Ce vieux renard avait, disait-on, douze mille livres de rentes. Il avait été administrateur des guerres, si j'ai bonne mémoire. Ne voulant pas dépenser sa petite fortune, il se mettait en pension chez des amis, au moindre prix possible et accumulait son revenu. C'était un pensionnaire insupportable à la longue, grognant à sa manière, qui consistait à railler amèrement le café trouble ou la sauce tournée, et à déchirer à belles dents la gouvernante ou le cuisinier. Il était le parrain de la dernière fille de James, paraissait l'aimer beaucoup, et faisait entendre adroitement qu'il se chargeait de sa dot dans l'avenir; mais il n'en fit rien, et content d'avoir fait enrager son monde, mourut sans songer à personne.

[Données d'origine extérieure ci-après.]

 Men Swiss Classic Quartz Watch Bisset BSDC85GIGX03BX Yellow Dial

Ma mère, ma sœur, et Pierret vinrent rarement passer un jour ou deux au Plessis, pour savoir si je m'y trouvais bien et si je désirais y rester. C'était tout mon désir, et tout alla bien entre ma mère et moi jusque vers la fin du printemps.
A cette époque, M. et Mme Du Plessis allèrent passer quelques jours à Paris, et, bien que je demeurasse chez ma mère, ils venaient me prendre tous les matins pour courir avec eux dîner au cabaret, comme ils disaient, et flâner le soir sur les boulevards. Ce cabaret, c'était toujours le café de Paris ou les Frères provençaux; cette flânerie, c'était l'Opéra, la Porte Saint-Martin, ou quelque mimodrame du Cirque, qui réveillait les souvenirs guerriers de James. Ma mère était invitée à toutes ces parties: mais bien qu'elle aimât ce genre d'amusement, elle m'y laissait aller sans elle le plus souvent. Il semblait qu'elle voulût remettre tous ses droits et toutes ses fonctions maternelles à Mme Du Plessis.

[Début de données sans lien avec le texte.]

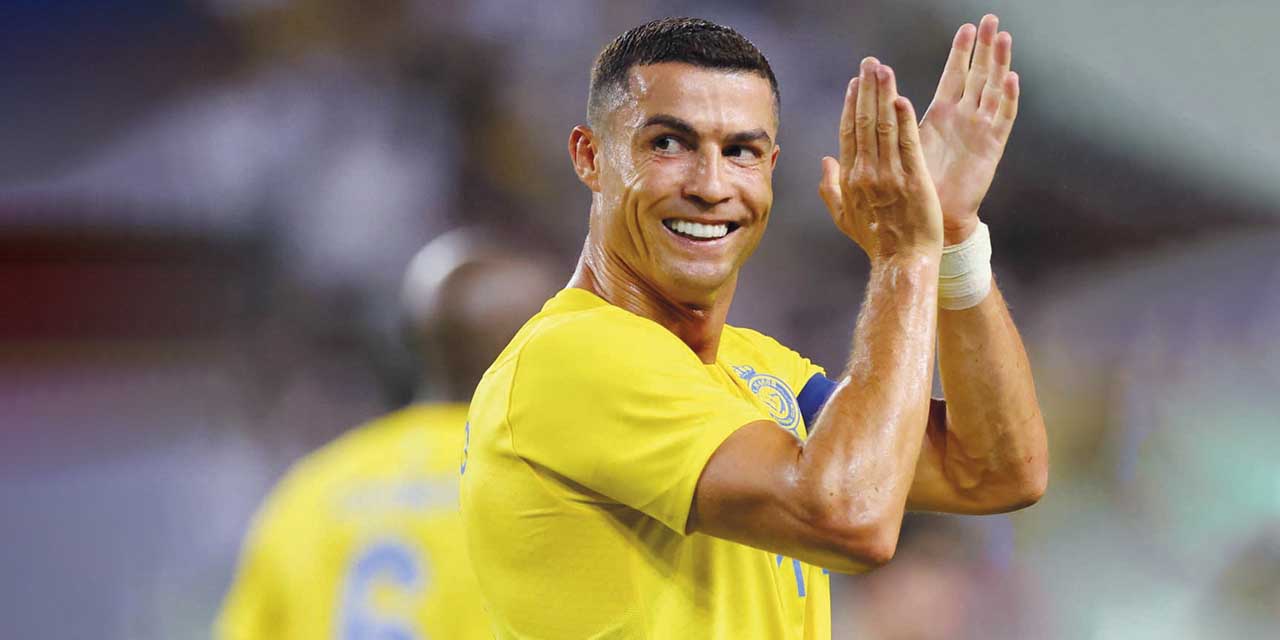 Cristiano Ronaldo disfruta del buen momento y de sus goles.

Un de ces soirs-là, nous prenions après le spectacle des glaces chez Tortoni, quand ma mère Angèle dit à son mari: «Tiens, voilà Casimir!» Un jeune homme mince, assez élégant, d'une figure gaie et d'une allure militaire, vint leur serrer la main, et répondre aux questions empressées qu'on lui adressait sur son père, le colonel Dudevant, très aimé et respecté de la famille. Il s'assit auprès de Mme Angèle et lui demanda tout bas qui j'étais. «C'est ma fille, répondit-elle tout haut.—Alors, reprit-il tout bas, c'est donc ma femme? Vous savez que vous m'avez promis la main de votre fille aînée. Je croyais que ce serait Wilfrid, mais comme celle-ci me paraît d'un âge mieux assorti au mien, je l'accepte, si vous voulez me la donner.» Mme Angèle se mit à rire, mais cette plaisanterie fut une prédiction.
Quelques jours après, Casimir Dudevant vint au Plessis et se mit de nos parties d'enfant avec un entrain et une gaîté, pour son propre compte, qui ne pouvaient me sembler que de bon augure pour son caractère. Il ne me fit pas la cour, ce qui eût troublé notre sans-gêne, et n'y songea même pas. Il se faisait entre nous une camaraderie tranquille, et il disait à Mme Angèle, qui avait depuis longtemps l'habitude de l'appeler son gendre: «Votre fille est un bon garçon;» tandis que je disais de mon côté: «Votre gendre est un bon enfant.»
Je ne sais qui poussa à continuer tout haut la plaisanterie. Le père Stanislas, pressé d'y entendre malice, me criait dans le jardin quand on y jouait aux barres: «Courez donc après votre mari!» Casimir, emporté par le jeu, criait de son côté: «Délivrez donc ma femme!» Nous en vînmes à nous traiter de mari et de femme avec aussi peu d'embarras et de passion, que le petit Norbert et la petite Justine eussent pu en avoir.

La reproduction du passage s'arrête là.